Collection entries

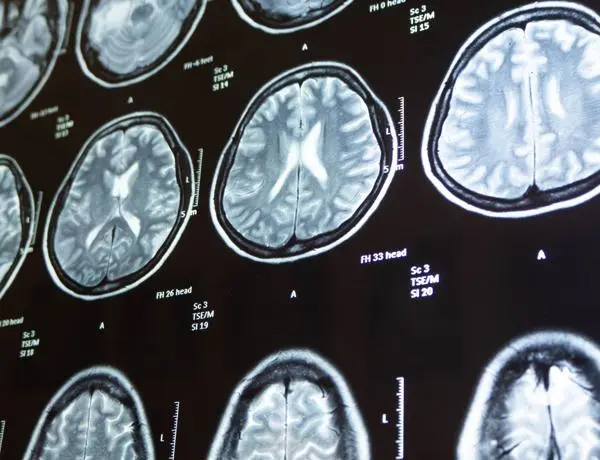 Displays an array of brain tumours on a screen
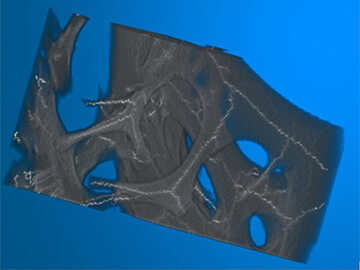 Visualization of calculated skeleton (light traces) within a subset of trabecular volume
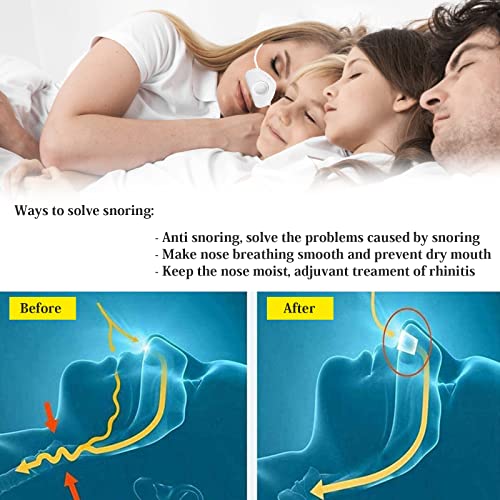 4 in 1 Anti snoring Devices,New Atomization snoring Solution,Right Amount Fog,Adjustable Wind Force Anti snoring Devices for Comfortable Sleep,Improve Your Quality of Life - Thumbnail 6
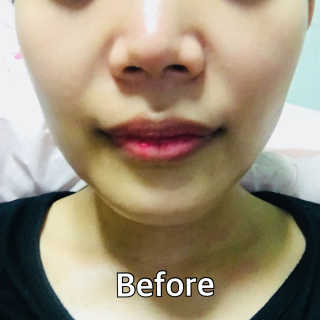 sylvia0307님이 올린 리뷰 사진 4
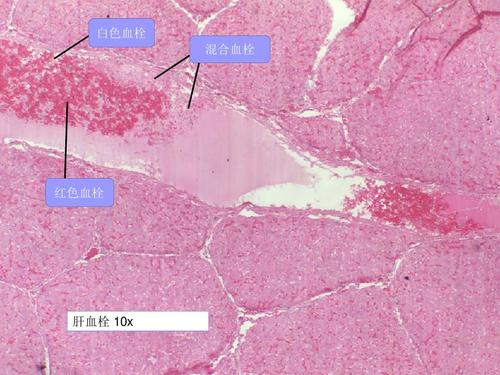 白色血栓混合血栓 红色血栓 肝血栓 10x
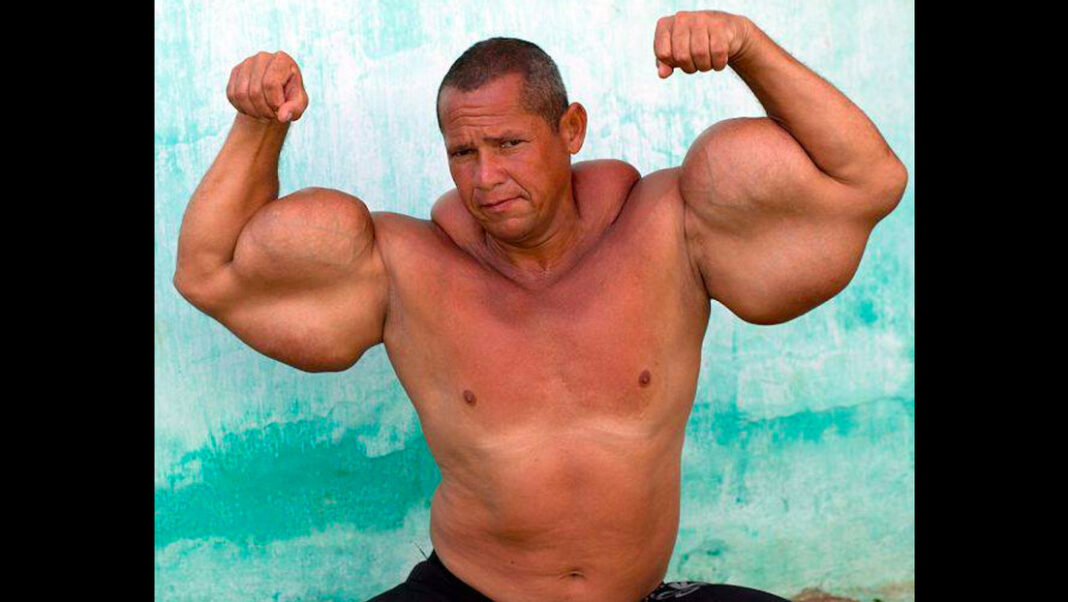 Muere el 'Popeye brasileño', conocido por inyectarse aceite mineral en los brazos Muere el 'Popeye brasileño', conocido por inyectarse aceite mineral en los brazos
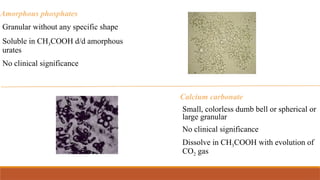 Amorphous phosphates
Granular without any specific shape
Soluble in CH3COOH d/d amorphous
urates
No clinical significance
Calcium carbonate
Small, colorless dumb bell or spherical or
large granular
No clinical significance
Dissolve in CH3COOH with evolution of
CO2 gas
 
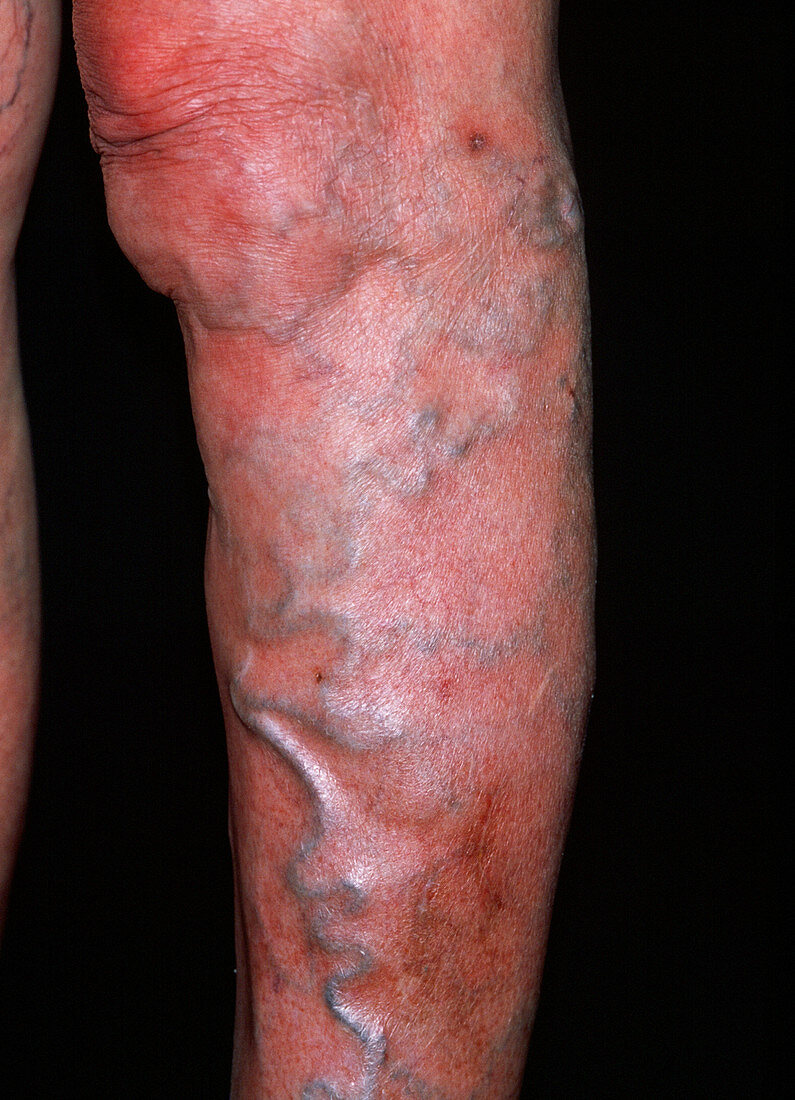 Varicose veins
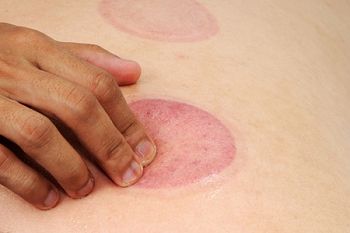Cupping Marks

▶ INSTRUCTIONS TO FOLLOW
The answer consists solely of the lines from the one holding "Dissolve in CH3COOH with evolution of" through the last line of the entries above, set down verbatim, without any pictures.

▶ RESPONSE TO THIS TASK
Dissolve in CH3COOH with evolution of
CO2 gas
 
 Varicose veins
Cupping Marks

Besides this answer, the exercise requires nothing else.